▸ WHAT YOU SHOULD DO:
Work through the records below and copy every line that includes "Package".

▸ RECORDS FOR THIS EXERCISE:
★ ★ ★ ★ ★

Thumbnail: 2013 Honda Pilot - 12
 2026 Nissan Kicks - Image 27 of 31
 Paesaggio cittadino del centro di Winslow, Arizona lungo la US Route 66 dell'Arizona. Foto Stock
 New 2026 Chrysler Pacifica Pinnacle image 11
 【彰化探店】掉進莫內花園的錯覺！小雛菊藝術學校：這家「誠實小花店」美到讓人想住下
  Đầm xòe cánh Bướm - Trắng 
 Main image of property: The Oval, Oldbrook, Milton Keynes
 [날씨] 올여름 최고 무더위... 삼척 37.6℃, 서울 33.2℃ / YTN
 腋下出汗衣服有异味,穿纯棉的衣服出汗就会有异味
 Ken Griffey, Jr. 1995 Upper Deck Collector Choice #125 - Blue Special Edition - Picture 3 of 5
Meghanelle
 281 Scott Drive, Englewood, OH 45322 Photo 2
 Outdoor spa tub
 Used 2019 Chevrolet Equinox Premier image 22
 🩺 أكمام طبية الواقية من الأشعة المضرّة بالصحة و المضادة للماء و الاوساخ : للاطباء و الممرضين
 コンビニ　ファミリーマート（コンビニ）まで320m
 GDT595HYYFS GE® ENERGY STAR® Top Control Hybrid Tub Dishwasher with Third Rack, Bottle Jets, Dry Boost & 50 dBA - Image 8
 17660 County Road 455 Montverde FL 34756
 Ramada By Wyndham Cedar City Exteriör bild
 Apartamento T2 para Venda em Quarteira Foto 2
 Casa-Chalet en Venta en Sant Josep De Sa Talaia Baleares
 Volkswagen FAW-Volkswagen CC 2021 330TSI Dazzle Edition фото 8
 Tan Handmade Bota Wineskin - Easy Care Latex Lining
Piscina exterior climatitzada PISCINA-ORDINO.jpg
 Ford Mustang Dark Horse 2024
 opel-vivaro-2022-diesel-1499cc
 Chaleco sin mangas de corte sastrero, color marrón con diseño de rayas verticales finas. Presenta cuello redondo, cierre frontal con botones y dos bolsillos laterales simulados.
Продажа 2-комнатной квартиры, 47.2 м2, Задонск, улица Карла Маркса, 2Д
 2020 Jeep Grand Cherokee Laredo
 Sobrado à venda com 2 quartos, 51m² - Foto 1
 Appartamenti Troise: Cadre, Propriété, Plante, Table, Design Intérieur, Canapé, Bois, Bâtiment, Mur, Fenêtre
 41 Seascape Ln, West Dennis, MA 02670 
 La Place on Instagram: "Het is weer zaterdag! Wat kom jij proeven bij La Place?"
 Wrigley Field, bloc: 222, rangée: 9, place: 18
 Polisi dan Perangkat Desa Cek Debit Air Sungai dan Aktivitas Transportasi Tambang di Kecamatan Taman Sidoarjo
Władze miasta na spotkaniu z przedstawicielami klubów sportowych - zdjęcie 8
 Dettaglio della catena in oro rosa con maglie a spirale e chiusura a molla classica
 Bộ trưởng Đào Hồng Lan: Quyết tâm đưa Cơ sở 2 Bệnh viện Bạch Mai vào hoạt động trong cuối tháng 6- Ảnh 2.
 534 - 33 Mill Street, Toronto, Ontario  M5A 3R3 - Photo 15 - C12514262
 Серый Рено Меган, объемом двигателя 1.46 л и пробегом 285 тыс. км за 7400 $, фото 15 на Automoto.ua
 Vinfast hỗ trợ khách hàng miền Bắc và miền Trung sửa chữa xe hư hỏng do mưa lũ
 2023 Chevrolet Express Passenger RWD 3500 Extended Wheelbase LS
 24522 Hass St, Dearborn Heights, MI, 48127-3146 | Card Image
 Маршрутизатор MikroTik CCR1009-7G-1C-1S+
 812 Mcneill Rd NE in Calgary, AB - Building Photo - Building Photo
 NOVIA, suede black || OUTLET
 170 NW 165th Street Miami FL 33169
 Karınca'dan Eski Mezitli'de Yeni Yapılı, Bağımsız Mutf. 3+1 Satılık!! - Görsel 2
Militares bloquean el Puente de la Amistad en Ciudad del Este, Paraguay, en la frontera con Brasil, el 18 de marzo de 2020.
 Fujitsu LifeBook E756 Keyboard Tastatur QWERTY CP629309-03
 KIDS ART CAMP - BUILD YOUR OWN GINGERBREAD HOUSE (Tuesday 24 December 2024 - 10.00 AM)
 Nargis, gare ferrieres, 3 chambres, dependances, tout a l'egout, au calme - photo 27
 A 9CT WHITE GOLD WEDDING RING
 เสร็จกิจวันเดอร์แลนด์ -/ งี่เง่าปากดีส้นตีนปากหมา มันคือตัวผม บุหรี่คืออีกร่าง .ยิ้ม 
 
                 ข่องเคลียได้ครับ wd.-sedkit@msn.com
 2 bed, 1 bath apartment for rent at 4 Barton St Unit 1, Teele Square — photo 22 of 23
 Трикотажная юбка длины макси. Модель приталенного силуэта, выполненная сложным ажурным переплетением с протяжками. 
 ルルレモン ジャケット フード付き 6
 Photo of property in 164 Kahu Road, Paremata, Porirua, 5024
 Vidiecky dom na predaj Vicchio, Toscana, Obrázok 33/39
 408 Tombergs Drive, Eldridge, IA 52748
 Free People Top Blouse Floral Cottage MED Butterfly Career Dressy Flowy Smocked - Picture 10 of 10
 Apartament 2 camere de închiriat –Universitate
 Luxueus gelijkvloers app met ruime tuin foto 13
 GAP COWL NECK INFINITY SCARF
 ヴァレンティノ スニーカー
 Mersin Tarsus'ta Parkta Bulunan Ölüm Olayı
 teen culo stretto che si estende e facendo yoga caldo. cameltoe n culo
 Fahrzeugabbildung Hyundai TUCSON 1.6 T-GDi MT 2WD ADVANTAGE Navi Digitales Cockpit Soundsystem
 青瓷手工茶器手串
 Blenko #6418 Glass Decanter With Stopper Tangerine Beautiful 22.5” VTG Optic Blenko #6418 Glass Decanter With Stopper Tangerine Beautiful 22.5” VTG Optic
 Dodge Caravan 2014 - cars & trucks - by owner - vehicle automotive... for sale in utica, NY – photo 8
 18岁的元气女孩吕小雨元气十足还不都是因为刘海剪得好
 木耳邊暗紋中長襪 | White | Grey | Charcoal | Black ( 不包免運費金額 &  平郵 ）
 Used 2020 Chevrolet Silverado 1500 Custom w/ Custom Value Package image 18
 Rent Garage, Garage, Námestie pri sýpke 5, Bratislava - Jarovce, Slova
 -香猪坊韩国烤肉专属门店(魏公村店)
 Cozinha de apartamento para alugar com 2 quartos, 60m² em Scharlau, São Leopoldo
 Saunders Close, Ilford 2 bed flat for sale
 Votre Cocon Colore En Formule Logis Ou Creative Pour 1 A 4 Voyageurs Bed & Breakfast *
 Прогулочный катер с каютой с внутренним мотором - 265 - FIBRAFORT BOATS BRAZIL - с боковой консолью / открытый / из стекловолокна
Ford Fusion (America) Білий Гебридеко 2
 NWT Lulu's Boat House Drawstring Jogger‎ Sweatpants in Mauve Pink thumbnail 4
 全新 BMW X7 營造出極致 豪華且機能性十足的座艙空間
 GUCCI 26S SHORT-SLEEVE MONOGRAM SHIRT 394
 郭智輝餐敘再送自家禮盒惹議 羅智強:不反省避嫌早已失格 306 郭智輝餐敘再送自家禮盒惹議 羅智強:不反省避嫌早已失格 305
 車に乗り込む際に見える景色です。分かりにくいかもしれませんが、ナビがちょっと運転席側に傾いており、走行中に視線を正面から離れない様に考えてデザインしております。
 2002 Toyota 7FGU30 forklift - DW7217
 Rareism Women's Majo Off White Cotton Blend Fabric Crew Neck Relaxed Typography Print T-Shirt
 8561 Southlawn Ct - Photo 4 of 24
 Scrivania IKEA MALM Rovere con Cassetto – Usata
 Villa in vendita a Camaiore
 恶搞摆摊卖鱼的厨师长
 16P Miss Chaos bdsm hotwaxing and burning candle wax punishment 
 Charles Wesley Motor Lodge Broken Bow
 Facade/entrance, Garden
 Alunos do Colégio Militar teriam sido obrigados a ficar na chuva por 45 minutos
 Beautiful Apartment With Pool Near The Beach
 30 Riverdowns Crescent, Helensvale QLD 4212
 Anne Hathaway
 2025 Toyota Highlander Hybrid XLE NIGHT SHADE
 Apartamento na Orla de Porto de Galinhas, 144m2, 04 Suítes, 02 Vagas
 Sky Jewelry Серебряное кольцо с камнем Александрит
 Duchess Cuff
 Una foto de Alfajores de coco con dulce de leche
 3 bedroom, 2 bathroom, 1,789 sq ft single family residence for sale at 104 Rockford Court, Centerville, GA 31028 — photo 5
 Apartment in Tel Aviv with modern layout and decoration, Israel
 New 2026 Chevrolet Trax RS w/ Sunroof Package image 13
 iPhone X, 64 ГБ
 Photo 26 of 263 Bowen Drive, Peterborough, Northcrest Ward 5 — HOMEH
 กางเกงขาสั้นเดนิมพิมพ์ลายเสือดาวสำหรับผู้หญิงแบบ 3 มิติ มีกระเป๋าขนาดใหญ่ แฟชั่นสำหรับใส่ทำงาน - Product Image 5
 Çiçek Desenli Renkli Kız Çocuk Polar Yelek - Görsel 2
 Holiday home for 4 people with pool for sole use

★ ★ ★ ★ ★

▸ ANSWER AREA:
 Used 2020 Chevrolet Silverado 1500 Custom w/ Custom Value Package image 18
 New 2026 Chevrolet Trax RS w/ Sunroof Package image 13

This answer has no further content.